So epiphanies (should I call them “junior epiphanies”?) nowadays come in the form of a gasp, a deep breath, a wide smile, a satisfied sigh and a thorough, almost mystical calm spreading all over the place.
My epiphanies have nothing to do with supernature. Nature, yes; supernature, no. Mother Nature is as super as I go.
So a few days ago when I strolled past a building the purpose of which was defined in the sign hanging from it — “The Epiphany School” — I wondered whether the school ventured beyond mythical and/or historic epiphanies and into teaching how to have them.
And this led into a question I asked of a friend who, although Jewish (the way I’m Jewish), went to an Episcopalian boarding school. Question: “What was the epiphany?”
The answer was a little confusing and remains so, even after I took down and dusted off my King James bible to supplement what my friend told me.

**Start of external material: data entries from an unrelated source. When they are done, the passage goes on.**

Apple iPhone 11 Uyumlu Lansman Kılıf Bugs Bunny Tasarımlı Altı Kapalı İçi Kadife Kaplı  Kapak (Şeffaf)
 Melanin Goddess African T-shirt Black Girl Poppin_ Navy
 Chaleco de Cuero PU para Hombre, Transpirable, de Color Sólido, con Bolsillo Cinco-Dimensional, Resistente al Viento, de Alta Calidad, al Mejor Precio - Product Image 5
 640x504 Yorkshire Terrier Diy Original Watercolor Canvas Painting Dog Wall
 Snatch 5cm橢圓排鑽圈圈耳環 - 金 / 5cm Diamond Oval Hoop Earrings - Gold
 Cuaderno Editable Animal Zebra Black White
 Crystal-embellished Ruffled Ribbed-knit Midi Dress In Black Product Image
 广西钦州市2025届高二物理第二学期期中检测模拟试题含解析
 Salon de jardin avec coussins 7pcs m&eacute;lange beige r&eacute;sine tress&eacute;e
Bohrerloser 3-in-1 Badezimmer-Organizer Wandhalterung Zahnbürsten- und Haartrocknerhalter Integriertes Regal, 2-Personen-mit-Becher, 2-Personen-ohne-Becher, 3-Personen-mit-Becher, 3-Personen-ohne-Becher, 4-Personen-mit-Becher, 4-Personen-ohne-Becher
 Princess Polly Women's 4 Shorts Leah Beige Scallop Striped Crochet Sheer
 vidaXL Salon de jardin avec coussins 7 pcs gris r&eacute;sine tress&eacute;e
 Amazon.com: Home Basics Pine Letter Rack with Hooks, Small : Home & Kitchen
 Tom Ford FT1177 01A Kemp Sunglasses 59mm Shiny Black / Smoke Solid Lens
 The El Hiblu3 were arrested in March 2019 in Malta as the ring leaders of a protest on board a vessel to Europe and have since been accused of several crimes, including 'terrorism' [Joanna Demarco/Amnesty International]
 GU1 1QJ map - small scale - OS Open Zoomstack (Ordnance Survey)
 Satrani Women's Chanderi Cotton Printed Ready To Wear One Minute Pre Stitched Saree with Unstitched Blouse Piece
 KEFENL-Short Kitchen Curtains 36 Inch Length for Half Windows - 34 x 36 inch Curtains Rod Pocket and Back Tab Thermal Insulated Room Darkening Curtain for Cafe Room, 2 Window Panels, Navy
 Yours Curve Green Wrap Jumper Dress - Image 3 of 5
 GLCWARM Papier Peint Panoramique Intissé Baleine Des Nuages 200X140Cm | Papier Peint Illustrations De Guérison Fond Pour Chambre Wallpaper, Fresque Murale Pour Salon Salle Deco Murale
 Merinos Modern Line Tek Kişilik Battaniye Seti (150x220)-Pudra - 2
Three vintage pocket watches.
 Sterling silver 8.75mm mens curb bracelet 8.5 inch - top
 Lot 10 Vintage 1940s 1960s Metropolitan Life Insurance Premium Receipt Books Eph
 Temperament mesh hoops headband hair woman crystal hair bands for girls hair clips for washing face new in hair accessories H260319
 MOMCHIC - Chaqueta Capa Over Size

Something to do with the Magi trekking off to visit the baby whom, for reasons equally unclear, they’d heard was the Messiah. Well, there was a star and they followed the star (which moved, sort of like a flashlight) until it stopped over where the “young child was.” What a unscientific muddle! Unless the “star” was a comet or asteroid but that presents a problem since if it were an asteroid, it wouldn’t have stopped over the crib of the baby. It would have crashed into it.
Here’s an alternative view: maybe the star was the very first GPS? “Recalculating…”
Anyway, the Magi gazed upon the newborn and said to each other, “Yeah, for sure, this baby is the Messiah.” And “they fell down, and worshipped him…”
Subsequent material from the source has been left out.